A protester wears a "Stop AI" t-shirt outside the federal courthouse, as the trial in Elon Musk's lawsuit over OpenAI's for-profit conversion continues, in Oakland, California, U.S., May 14, 2026. REUTERS/Manuel Orbegozo
(Wall Street, New York) – Elon Musk and Sam Altman may be done facing off in court for now, but their bigger fight is shifting to Wall Street.
After Musk lost his lawsuit against OpenAI and Altman, both sides are turning toward what could become one of the biggest public-market showdowns in tech history. Musk’s SpaceX is reportedly preparing to release its IPO paperwork soon, while Altman’s OpenAI is also moving toward a possible public offering later this year.
The legal battle centered on Musk’s claim that OpenAI abandoned its original nonprofit mission after he helped launch the company in 2015. But the court did not rule on the core of that argument. Instead, an advisory jury found that Musk waited too long to bring the case, and the judge adopted that decision.
Musk is already expected to appeal, calling the ruling a technicality. That means the legal fight may not be completely over — but for investors, the more important question is now whether Musk and Altman can turn their companies into dominant public businesses.
SpaceX enters the conversation with enormous scale. The company has rocket launches, Starlink, xAI, X, and a growing list of artificial intelligence ambitions all tied into Musk’s wider empire. That could excite investors, but it also raises questions about how much one CEO can realistically manage at once.
OpenAI faces a different challenge. The company is at the center of the AI boom, but it needs massive amounts of cash to keep training and running cutting-edge models. Investors will want to know whether OpenAI can justify its sky-high valuation while competing with Anthropic, Google, Musk’s xAI, and other fast-moving rivals.

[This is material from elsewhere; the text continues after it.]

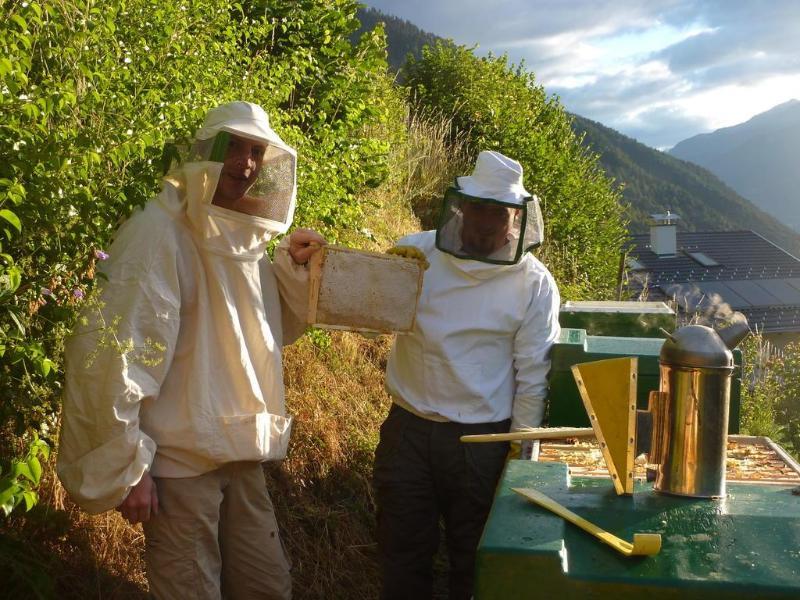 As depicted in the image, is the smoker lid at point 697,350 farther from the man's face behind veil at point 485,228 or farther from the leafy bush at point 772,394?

Altman’s court win gives OpenAI some breathing room, but the trial also put renewed attention on his leadership, the company’s governance, its cash burn, and the internal drama that led to his brief ouster in 2023.
The coming IPO race could define the next phase of the AI economy. SpaceX may hit the market first, giving Musk a chance to seize investor attention before OpenAI even gets to the starting line.